_Data supplied_

++++++++

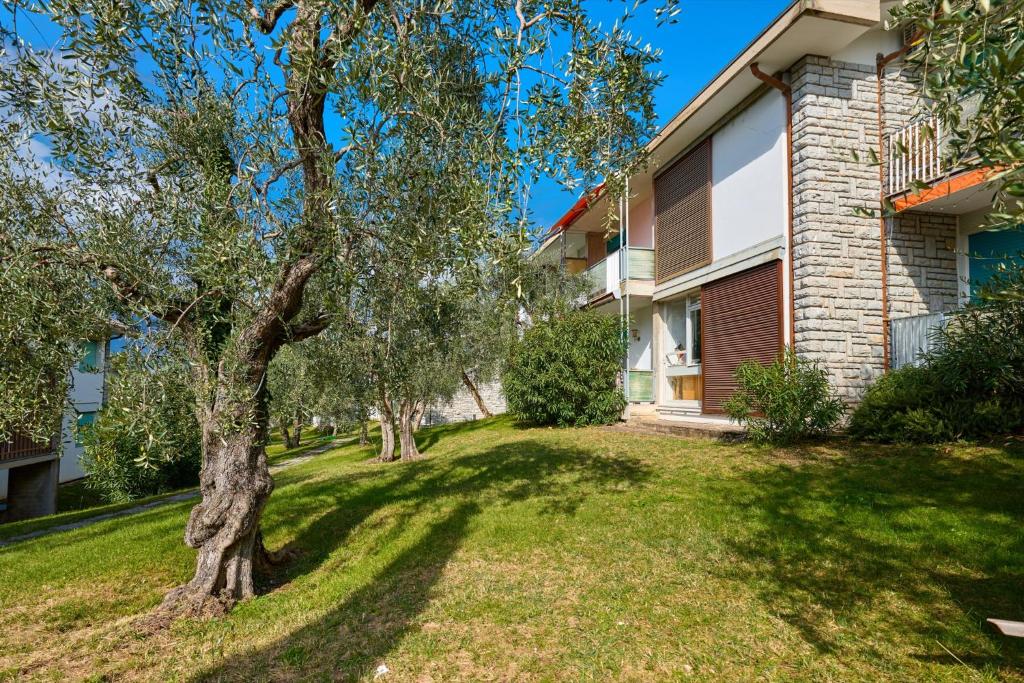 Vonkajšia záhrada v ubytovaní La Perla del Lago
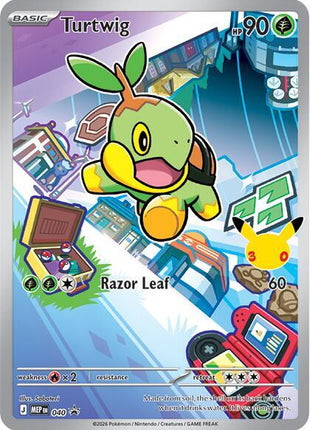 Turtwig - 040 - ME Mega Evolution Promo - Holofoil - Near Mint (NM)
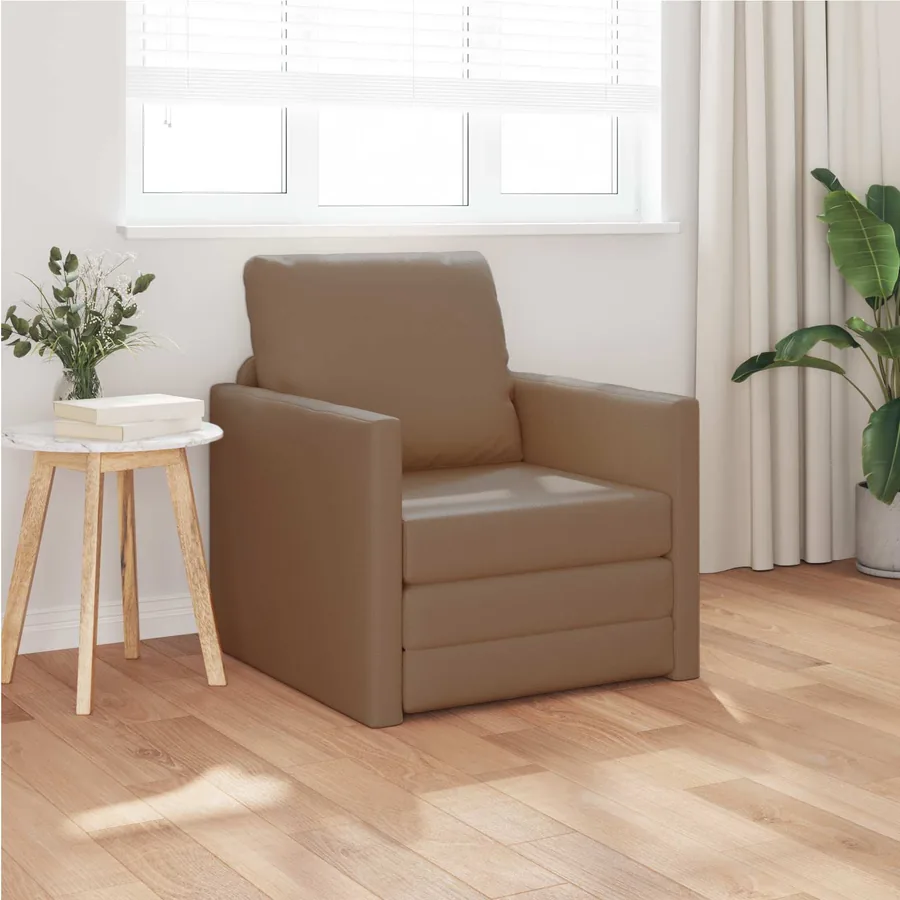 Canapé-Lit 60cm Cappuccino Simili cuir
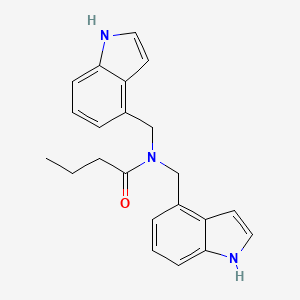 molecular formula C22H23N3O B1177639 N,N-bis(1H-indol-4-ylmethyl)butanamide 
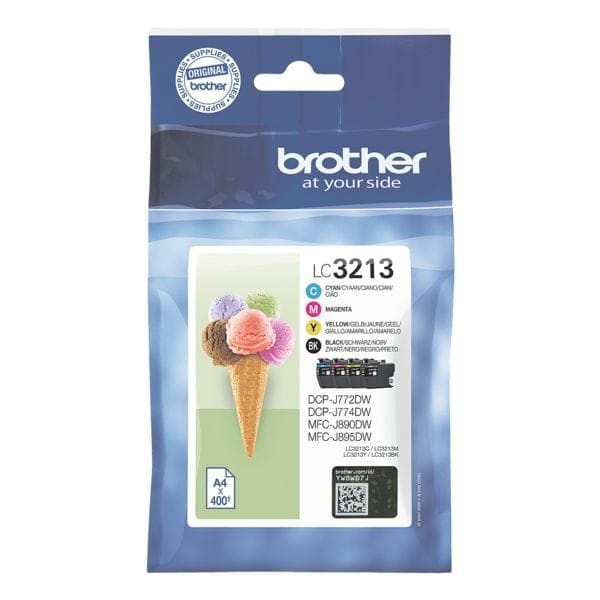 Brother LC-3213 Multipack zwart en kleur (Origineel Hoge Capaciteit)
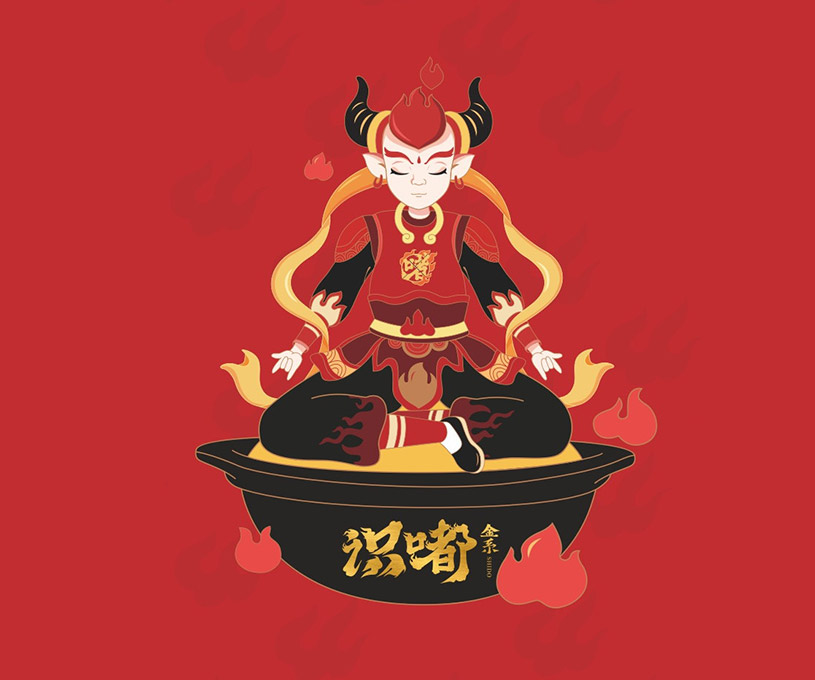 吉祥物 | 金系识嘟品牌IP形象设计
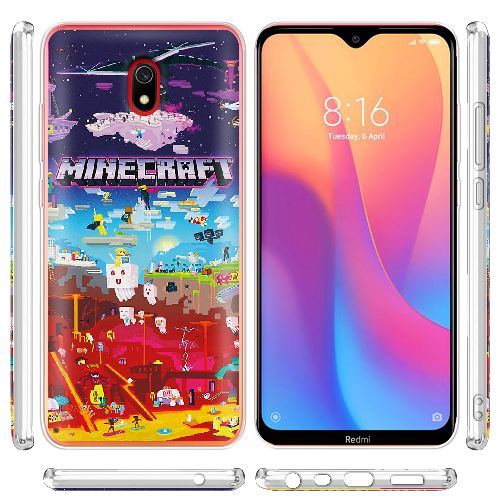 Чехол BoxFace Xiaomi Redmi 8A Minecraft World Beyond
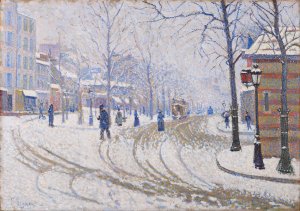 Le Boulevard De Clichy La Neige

++++++++

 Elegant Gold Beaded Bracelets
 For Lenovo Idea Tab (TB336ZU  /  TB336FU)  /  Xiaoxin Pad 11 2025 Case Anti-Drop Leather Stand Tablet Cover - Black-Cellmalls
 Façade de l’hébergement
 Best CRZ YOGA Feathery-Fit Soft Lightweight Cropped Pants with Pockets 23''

++++++++

_What is expected_
Take the lines above starting at the one containing "Turtwig - 040" and ending at the one containing "Le Boulevard De Clichy La Neige", and print them again exactly, without pictures.

_Response to this task_
 Turtwig - 040 - ME Mega Evolution Promo - Holofoil - Near Mint (NM)
 Canapé-Lit 60cm Cappuccino Simili cuir
 molecular formula C22H23N3O B1177639 N,N-bis(1H-indol-4-ylmethyl)butanamide 
 Brother LC-3213 Multipack zwart en kleur (Origineel Hoge Capaciteit)
 吉祥物 | 金系识嘟品牌IP形象设计
 Чехол BoxFace Xiaomi Redmi 8A Minecraft World Beyond
 Le Boulevard De Clichy La Neige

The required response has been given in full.